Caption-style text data
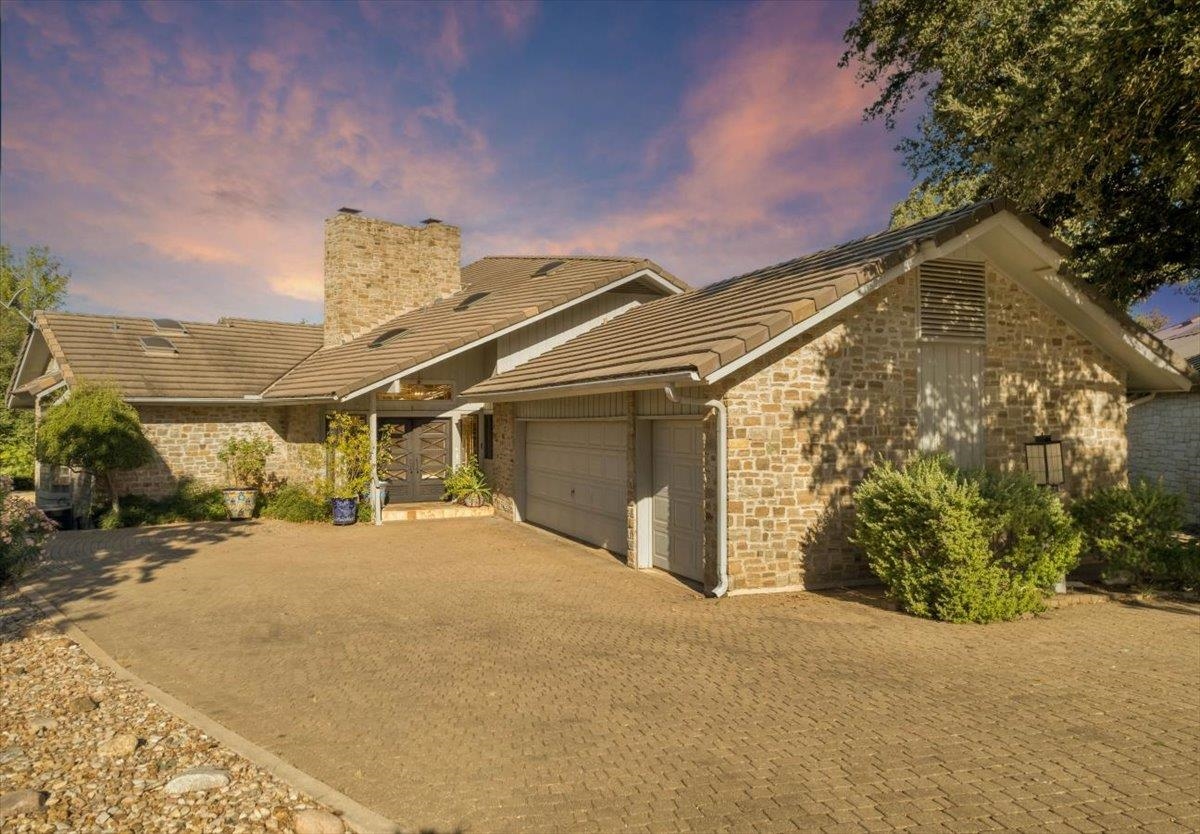 100 Silver Spur Property Photo 3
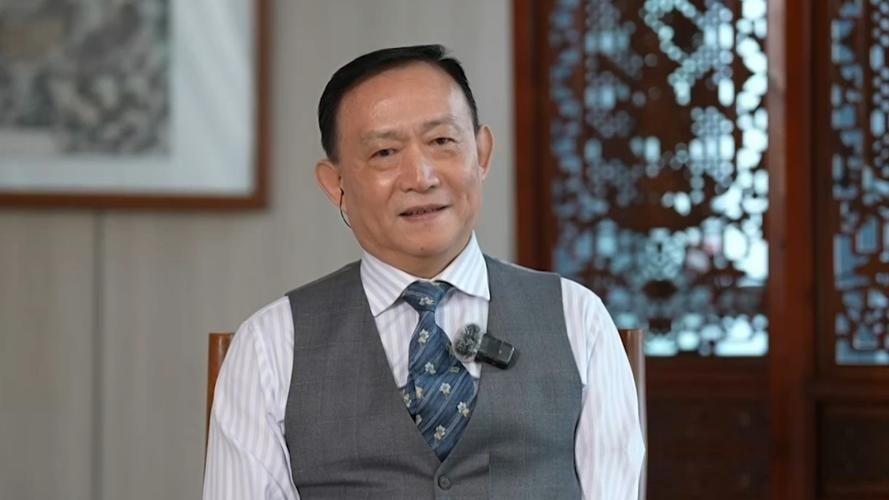 知名经济学者卢麒元最近一句话，把社科圈那层窗户纸捅破了：上百万研究人员，每年上百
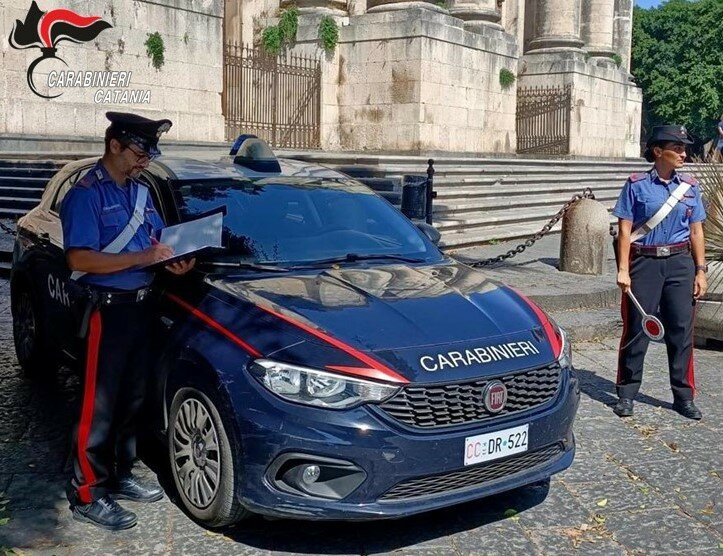 Beccato mentre gioca a carte con gli amici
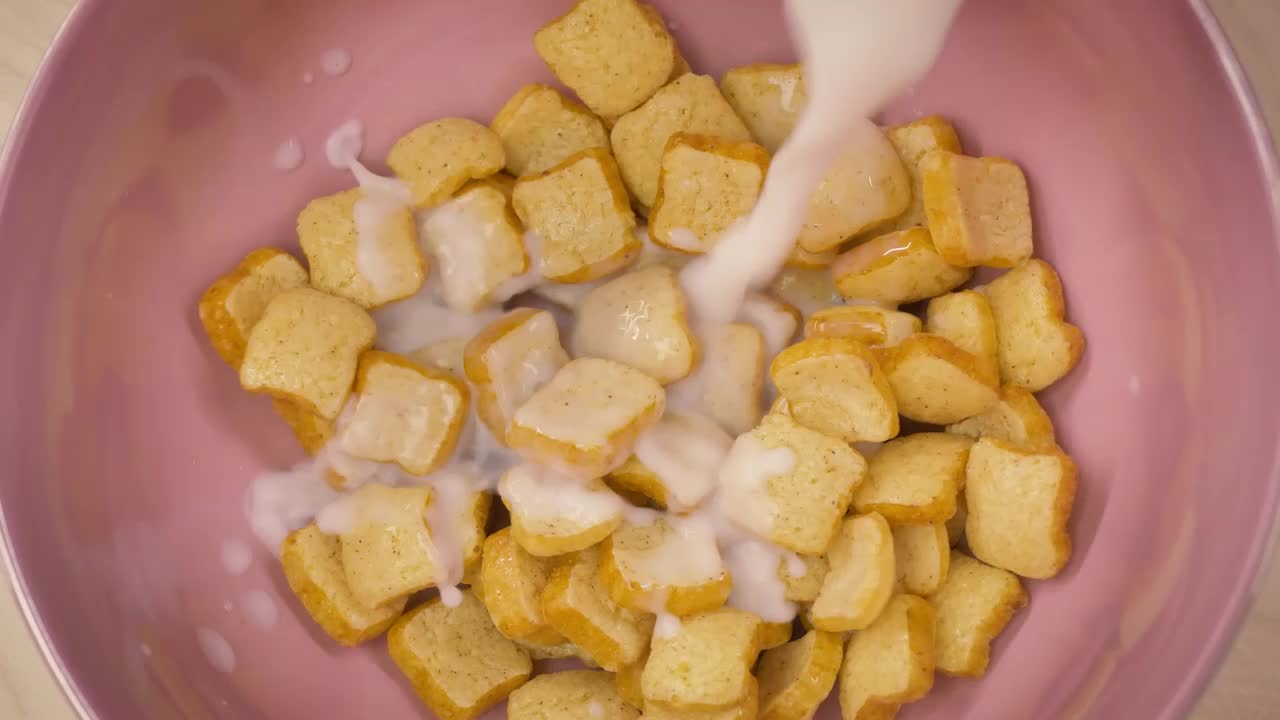 Stock Video Corn Flakes Cereal Texture In Bowl With Milk Live Wallpaper For PC - Free Download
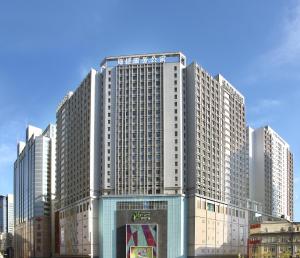 沈阳沈阳盛捷和平服务公寓的城市中有很多窗户的高楼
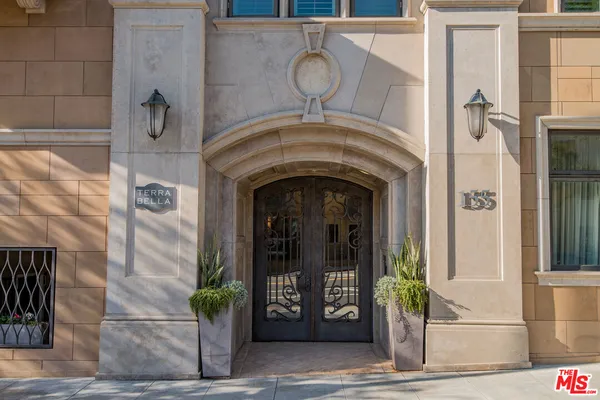 $1,699,000 | 155 Cordova Street, Unit 301, Pasadena, CA 91105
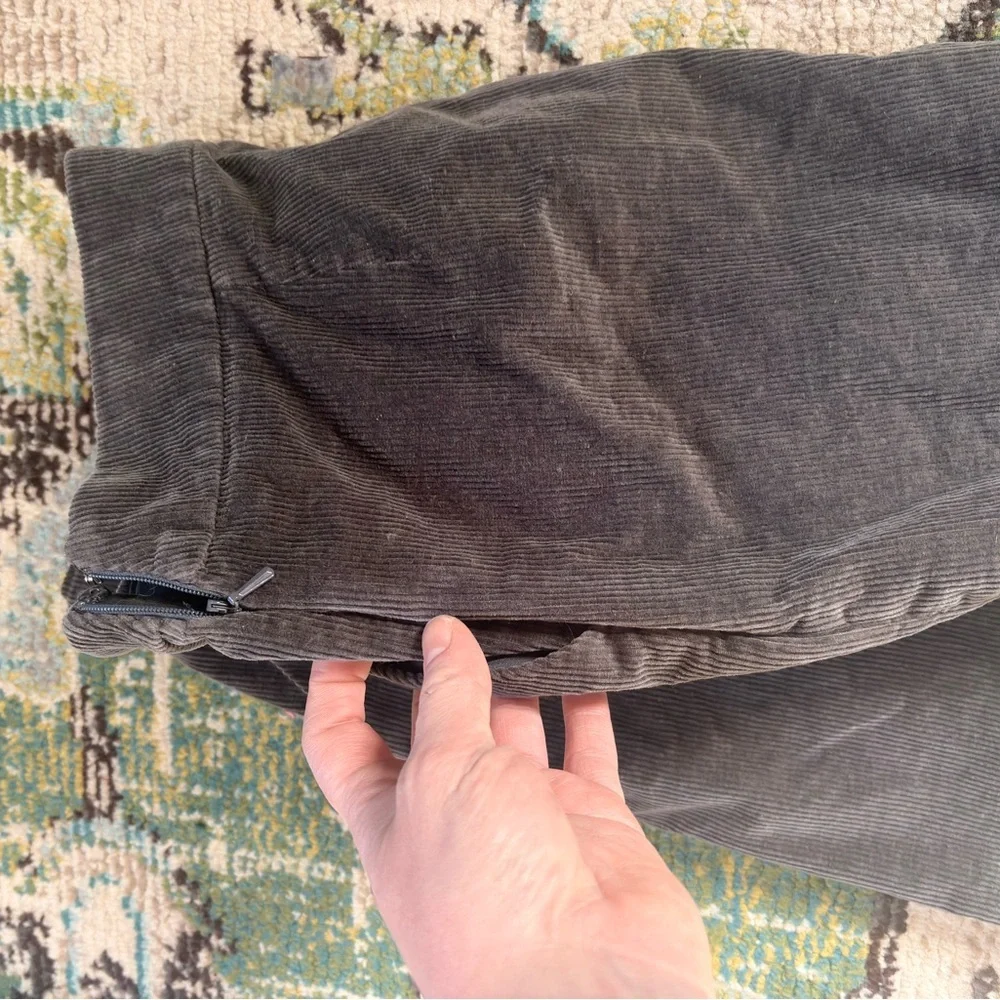 🤎 Banana Republic brown Corduroy Mini‎ Skirt – Size 6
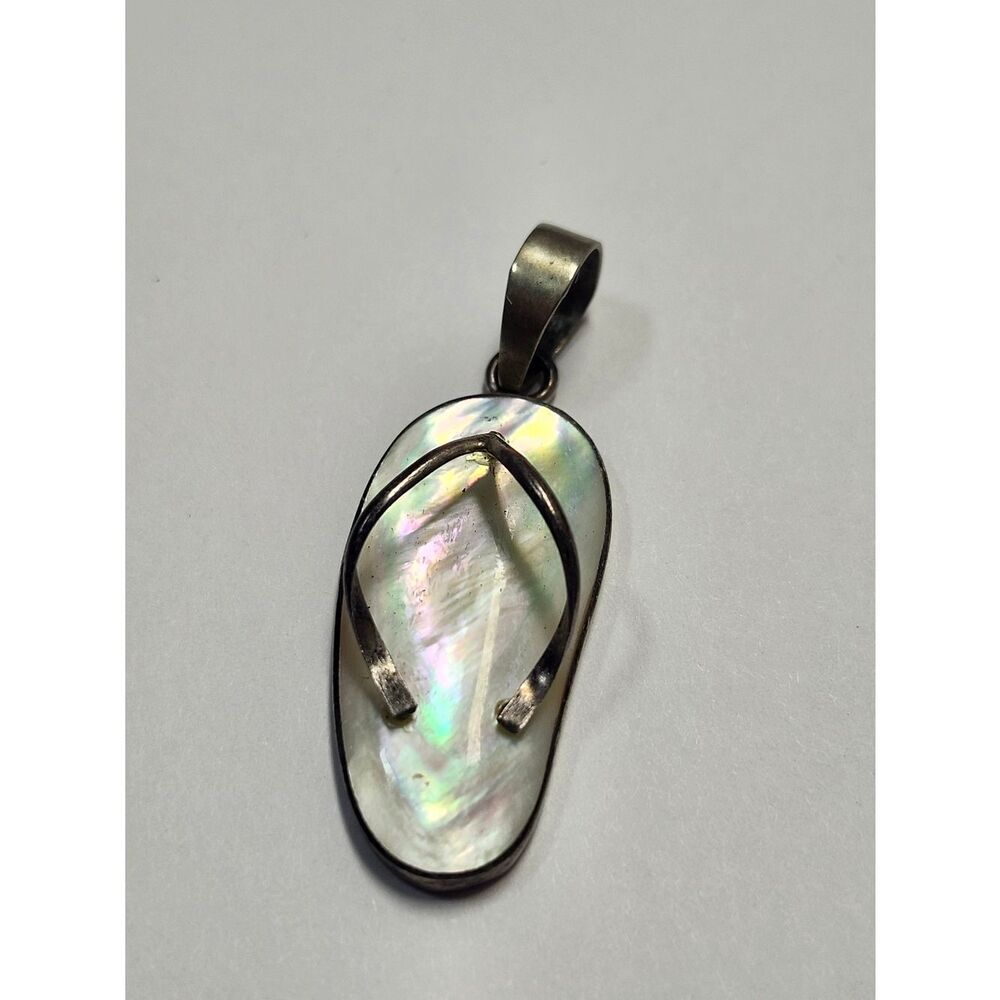 Sterling Silver Mother of Pearl Flip Flop Pendant - Iridescent White 925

*TASK*. Write out again only the lines from the line that contains "Stock Video Corn" through the last line of the records, both ends included, without any of the pictures.

*ANSWER BOX*.
 Stock Video Corn Flakes Cereal Texture In Bowl With Milk Live Wallpaper For PC - Free Download
 沈阳沈阳盛捷和平服务公寓的城市中有很多窗户的高楼
 $1,699,000 | 155 Cordova Street, Unit 301, Pasadena, CA 91105
 🤎 Banana Republic brown Corduroy Mini‎ Skirt – Size 6
 Sterling Silver Mother of Pearl Flip Flop Pendant - Iridescent White 925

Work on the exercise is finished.